#### Task directions
What is needed is an exact reproduction of the lines in the records below, starting at the line with "Back view of" and ending at the line with "Image of geotechnical", both included, and nothing else; pictures stay out.

#### Provided records
Segment Open
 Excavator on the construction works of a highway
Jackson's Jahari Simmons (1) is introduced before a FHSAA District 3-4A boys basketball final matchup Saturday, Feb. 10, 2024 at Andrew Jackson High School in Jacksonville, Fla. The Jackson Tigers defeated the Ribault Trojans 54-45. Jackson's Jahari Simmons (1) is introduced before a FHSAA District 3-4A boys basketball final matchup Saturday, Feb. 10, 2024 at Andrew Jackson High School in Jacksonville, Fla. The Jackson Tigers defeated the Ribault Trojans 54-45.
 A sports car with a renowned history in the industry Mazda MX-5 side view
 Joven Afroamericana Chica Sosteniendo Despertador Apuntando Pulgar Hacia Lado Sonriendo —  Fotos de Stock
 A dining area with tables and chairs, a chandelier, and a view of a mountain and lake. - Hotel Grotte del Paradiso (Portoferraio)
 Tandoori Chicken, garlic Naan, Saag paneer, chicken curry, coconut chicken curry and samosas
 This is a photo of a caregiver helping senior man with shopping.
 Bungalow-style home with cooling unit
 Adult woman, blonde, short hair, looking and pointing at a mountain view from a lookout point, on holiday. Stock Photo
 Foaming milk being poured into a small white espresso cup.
Segment Closed
Segment Open
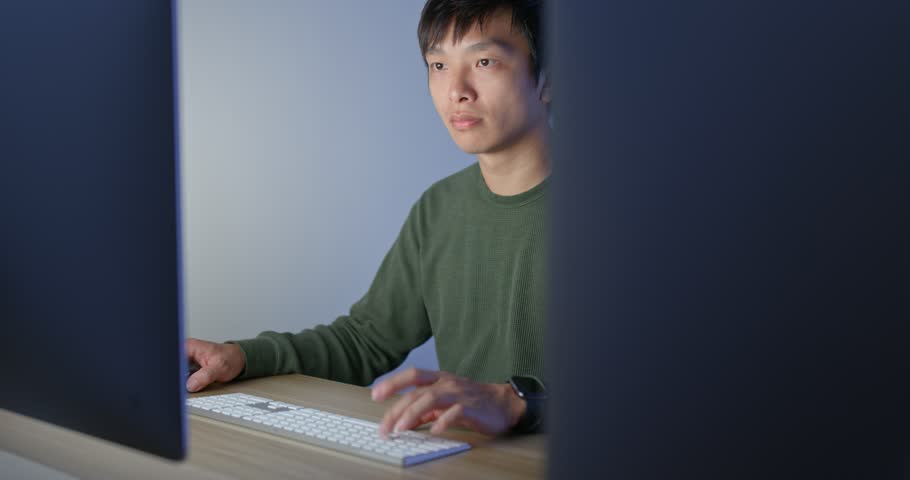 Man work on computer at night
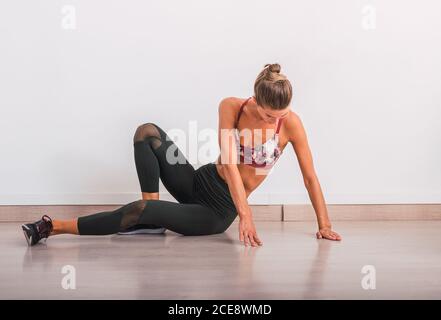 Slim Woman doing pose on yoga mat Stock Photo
Segment Closed
Segment Open
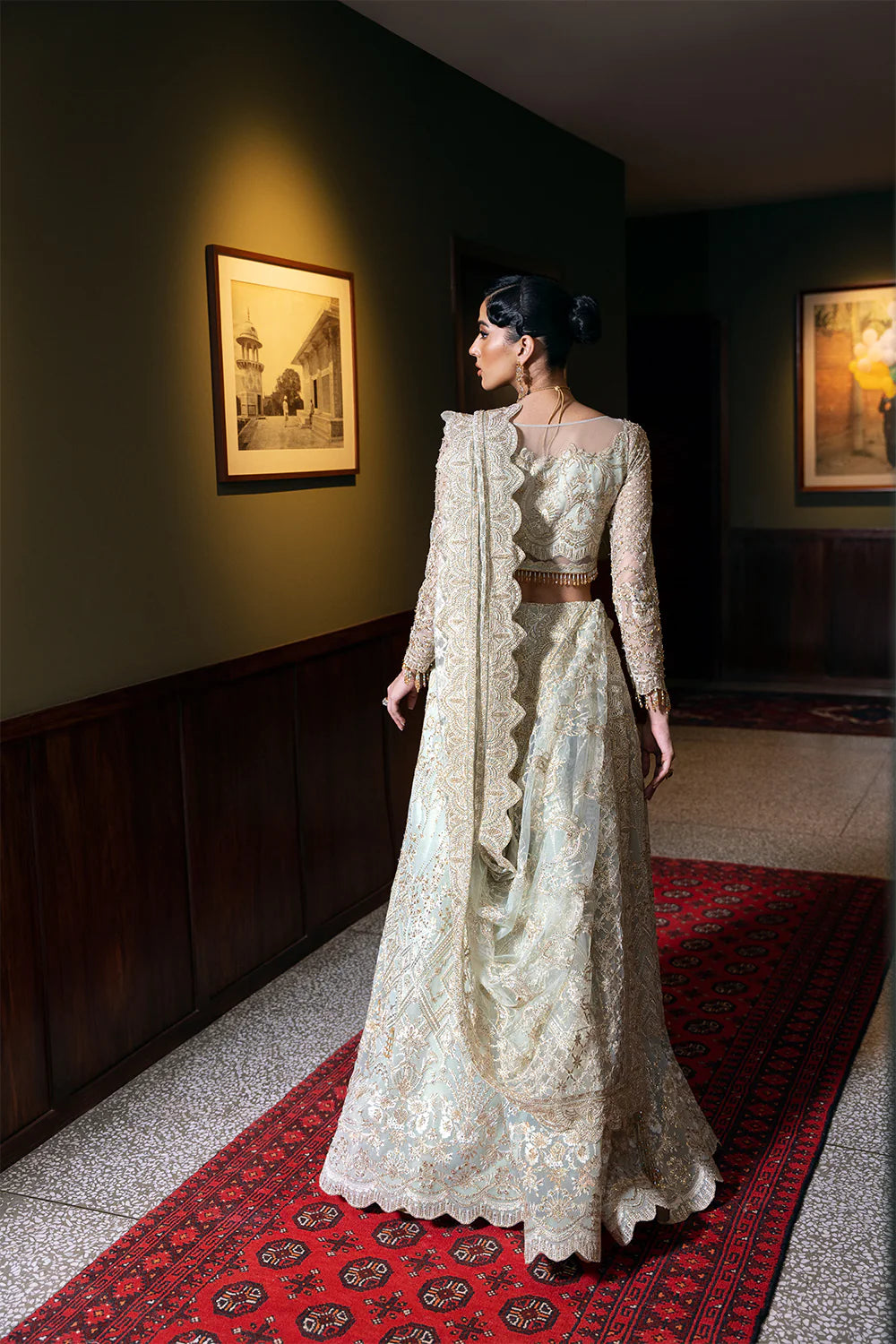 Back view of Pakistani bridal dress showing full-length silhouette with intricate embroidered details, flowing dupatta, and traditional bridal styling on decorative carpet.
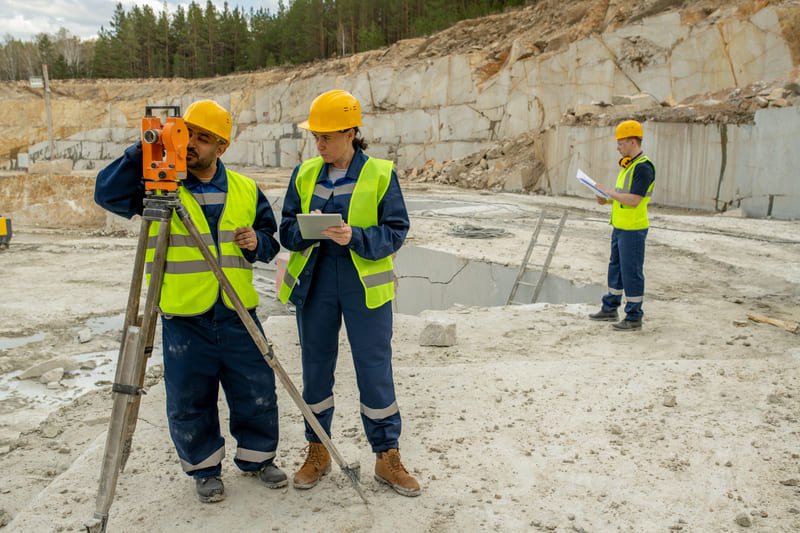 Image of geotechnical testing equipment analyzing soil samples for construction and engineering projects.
Segment Closed
#### Answer space
 Back view of Pakistani bridal dress showing full-length silhouette with intricate embroidered details, flowing dupatta, and traditional bridal styling on decorative carpet.
 Image of geotechnical testing equipment analyzing soil samples for construction and engineering projects.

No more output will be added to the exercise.